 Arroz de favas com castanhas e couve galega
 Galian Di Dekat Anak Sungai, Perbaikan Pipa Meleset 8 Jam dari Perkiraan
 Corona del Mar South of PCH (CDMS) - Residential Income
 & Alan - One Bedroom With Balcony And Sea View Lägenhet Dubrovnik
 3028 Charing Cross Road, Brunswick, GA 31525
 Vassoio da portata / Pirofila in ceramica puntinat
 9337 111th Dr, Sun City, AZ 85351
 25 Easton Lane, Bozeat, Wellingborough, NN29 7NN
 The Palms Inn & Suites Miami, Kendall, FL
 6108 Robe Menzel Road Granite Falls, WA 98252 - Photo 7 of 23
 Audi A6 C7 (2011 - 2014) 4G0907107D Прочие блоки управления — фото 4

* * *

REQUIRED ACTION -> Reproduce the listing word for word from its first line up to and including the line with "3028 Charing Cross Road, Brunswick, GA 31525". Give no other lines.

COMPLETED TASK ->
 Arroz de favas com castanhas e couve galega
 Galian Di Dekat Anak Sungai, Perbaikan Pipa Meleset 8 Jam dari Perkiraan
 Corona del Mar South of PCH (CDMS) - Residential Income
 & Alan - One Bedroom With Balcony And Sea View Lägenhet Dubrovnik
 3028 Charing Cross Road, Brunswick, GA 31525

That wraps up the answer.